Segment Open

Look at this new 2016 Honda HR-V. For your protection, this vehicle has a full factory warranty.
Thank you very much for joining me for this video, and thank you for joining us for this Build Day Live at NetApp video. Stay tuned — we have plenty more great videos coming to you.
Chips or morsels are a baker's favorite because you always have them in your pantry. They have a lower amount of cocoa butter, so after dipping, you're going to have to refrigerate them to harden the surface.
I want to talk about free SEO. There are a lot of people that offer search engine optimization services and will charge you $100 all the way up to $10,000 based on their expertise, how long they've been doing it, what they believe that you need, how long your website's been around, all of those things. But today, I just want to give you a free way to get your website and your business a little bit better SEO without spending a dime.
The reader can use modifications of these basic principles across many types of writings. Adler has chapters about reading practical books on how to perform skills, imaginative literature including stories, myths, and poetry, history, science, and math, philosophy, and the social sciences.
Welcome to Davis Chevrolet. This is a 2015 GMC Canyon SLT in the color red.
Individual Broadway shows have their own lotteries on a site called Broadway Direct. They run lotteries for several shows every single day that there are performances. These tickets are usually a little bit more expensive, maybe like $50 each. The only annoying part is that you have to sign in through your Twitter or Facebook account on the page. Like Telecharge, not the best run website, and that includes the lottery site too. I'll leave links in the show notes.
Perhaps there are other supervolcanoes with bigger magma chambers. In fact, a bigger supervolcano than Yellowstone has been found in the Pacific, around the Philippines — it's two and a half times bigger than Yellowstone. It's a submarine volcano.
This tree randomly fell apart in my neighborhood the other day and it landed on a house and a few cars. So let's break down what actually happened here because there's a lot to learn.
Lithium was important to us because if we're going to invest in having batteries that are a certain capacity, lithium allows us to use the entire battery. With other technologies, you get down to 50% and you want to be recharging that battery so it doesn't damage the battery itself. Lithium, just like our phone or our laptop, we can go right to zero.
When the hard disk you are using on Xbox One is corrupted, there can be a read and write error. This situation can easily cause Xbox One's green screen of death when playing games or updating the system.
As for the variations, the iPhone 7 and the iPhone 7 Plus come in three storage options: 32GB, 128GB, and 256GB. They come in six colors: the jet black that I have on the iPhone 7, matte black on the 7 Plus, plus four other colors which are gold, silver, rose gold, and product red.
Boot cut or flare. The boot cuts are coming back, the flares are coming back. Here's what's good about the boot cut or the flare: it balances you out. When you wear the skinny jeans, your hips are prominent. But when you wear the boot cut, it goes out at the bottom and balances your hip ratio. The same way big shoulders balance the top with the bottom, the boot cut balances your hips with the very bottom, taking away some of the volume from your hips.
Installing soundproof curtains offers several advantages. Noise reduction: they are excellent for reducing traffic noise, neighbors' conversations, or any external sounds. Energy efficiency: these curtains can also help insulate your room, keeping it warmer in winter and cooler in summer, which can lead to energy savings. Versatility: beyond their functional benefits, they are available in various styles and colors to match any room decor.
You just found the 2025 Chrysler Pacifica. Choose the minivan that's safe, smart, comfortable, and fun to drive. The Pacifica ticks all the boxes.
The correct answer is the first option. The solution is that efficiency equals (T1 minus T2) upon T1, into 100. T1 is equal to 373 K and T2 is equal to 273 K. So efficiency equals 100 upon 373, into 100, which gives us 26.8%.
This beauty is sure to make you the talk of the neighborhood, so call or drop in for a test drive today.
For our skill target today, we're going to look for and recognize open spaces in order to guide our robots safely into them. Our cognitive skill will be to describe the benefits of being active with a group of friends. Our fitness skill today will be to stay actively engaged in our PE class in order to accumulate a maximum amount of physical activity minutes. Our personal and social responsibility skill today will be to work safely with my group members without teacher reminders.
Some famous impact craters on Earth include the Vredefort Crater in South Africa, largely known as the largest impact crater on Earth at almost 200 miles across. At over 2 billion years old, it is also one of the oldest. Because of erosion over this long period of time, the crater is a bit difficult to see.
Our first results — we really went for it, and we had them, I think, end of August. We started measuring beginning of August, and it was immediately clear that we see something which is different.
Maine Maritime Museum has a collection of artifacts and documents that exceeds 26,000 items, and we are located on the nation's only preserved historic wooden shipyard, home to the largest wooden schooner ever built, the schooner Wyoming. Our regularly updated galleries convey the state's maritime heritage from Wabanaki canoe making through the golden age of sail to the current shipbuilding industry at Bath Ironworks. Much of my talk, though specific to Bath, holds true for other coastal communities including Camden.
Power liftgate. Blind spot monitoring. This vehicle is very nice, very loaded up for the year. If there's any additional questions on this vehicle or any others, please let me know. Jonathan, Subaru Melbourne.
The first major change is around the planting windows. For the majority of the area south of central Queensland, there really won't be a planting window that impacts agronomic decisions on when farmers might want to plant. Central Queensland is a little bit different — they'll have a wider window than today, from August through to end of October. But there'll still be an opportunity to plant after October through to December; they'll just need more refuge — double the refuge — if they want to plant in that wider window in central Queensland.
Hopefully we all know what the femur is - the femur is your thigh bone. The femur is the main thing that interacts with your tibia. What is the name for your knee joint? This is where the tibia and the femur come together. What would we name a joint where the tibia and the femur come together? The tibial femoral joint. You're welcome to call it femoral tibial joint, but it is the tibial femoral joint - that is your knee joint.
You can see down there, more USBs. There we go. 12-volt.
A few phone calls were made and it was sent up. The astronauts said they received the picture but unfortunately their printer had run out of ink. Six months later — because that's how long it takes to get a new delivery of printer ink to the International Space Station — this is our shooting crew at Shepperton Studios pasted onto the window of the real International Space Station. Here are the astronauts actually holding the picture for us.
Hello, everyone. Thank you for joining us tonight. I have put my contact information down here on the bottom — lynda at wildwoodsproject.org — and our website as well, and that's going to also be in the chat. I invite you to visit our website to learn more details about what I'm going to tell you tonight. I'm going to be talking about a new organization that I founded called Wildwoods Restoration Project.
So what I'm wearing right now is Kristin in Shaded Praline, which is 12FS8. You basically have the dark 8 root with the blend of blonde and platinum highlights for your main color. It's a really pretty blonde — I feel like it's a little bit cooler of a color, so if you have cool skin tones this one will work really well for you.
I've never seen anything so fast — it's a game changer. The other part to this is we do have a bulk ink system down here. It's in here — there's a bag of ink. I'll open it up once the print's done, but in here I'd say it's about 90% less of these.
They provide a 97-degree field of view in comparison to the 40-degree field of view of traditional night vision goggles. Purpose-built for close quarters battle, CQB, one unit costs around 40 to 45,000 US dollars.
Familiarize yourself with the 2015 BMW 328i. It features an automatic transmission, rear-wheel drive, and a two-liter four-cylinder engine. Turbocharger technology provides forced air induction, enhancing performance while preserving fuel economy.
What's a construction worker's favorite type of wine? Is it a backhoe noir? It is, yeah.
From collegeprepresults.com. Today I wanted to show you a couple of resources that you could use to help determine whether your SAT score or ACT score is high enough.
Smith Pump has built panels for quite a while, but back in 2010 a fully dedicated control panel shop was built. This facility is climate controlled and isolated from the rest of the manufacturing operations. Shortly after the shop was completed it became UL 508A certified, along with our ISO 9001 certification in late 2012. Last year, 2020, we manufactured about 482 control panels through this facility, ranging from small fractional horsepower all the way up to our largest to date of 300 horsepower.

Segment Closed

- What you will do
Show me every line of the entries above that holds "help".

- Exercise solution
Installing soundproof curtains offers several advantages. Noise reduction: they are excellent for reducing traffic noise, neighbors' conversations, or any external sounds. Energy efficiency: these curtains can also help insulate your room, keeping it warmer in winter and cooler in summer, which can lead to energy savings. Versatility: beyond their functional benefits, they are available in various styles and colors to match any room decor.
From collegeprepresults.com. Today I wanted to show you a couple of resources that you could use to help determine whether your SAT score or ACT score is high enough.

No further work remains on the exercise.